In 1571, Polo de Ondegardo saw Sacsayhuaman and then wrote in his book Religión y Gobierno de los Incas “what a wonderful thing…the fortress of Cuzco”.
It Housed Everything:
Like him, the first Spanish conquistadors and most of the 16th and 17th century chronicles regarded that site as a fortress due to its location on a hill in the northern outskirts that overlooks the city of Cusco, the huge stone blocks and the dozens of rooms used for storage of provisions and water (Muyuqmarka could have stored water).
Talking about storage, most chroniclers wrote like this: “it should house everything imaginable, such as gold and silver, precious stone, fine garments, arms of all the types they used, materials of war, sandals, shields, feathers, skins of animals and birds, coca, bags of wool, a thousand kinds of jewels”.
Chroniclers such as Pedro Sancho de la Hoz and Pedro Pizarro only mentioned weapons of war.
The huge stone blocks still remain, though. One of my favorite chroniclers, Cieza de León, was astonished when he first saw the walls and the main door. He wrote:
“la puerta principal era de ver cuán primamente estaba y cuán concertadas las murallas para una no salir del compás de la otra”.

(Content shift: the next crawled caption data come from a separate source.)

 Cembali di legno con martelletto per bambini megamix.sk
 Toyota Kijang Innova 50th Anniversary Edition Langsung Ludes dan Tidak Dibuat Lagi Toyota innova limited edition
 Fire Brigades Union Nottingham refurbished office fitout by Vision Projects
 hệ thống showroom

As a fact, the first wall is nearly six meters high. Even if you see it today, it looks like a fortress. Nevertheless, Sacsayhuaman was more than that.

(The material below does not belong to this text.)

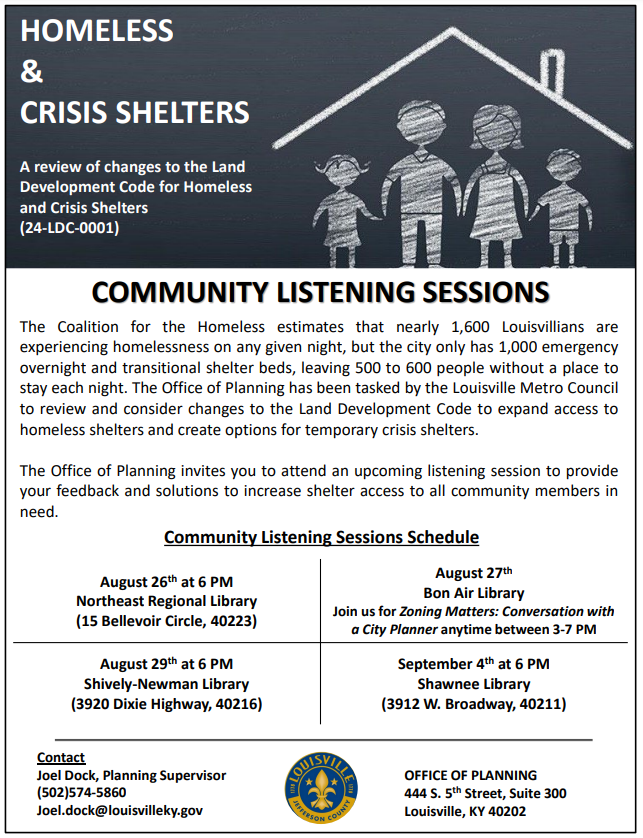 homeless listening session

Archaeology and Architecture:
In 1933, the Peruvian historian Luis E. Valcárcel found not only objects such as ceramics, small stone sculptures, silver and cooper utensils but also human bones.
Furthermore, most of the ceramics in this area were ceremonial rather than for household use. Some of these items are shown at the Museo Inka and the Museo de Arte Precolombino.
Later, the archaeologist Fidel Ramos Condori found on the third wall in front of a door eleven tombs covered with mud and weapons such as a war club with star-shaped head.
In addition, the architecture of Sacsayhuaman tells of the importance of this building. Water channels, underground channels, fountains, food stores (pirwa and qollqa), surveillance towers (pucaras) still remain as well as some buildings that were used as houses and chapels.
Temples in the City:
Now, we know that Sacsayhuaman was a temple where the Incas worshipped not only the sun but also other gods such as the lightning as well as the sacred mountain of Sacsayhuaman.
In addition to Sacsayhuaman, other temples in the city of Cusco are Qoricancha and Phoqenkancha (this is a small site to the west of the city).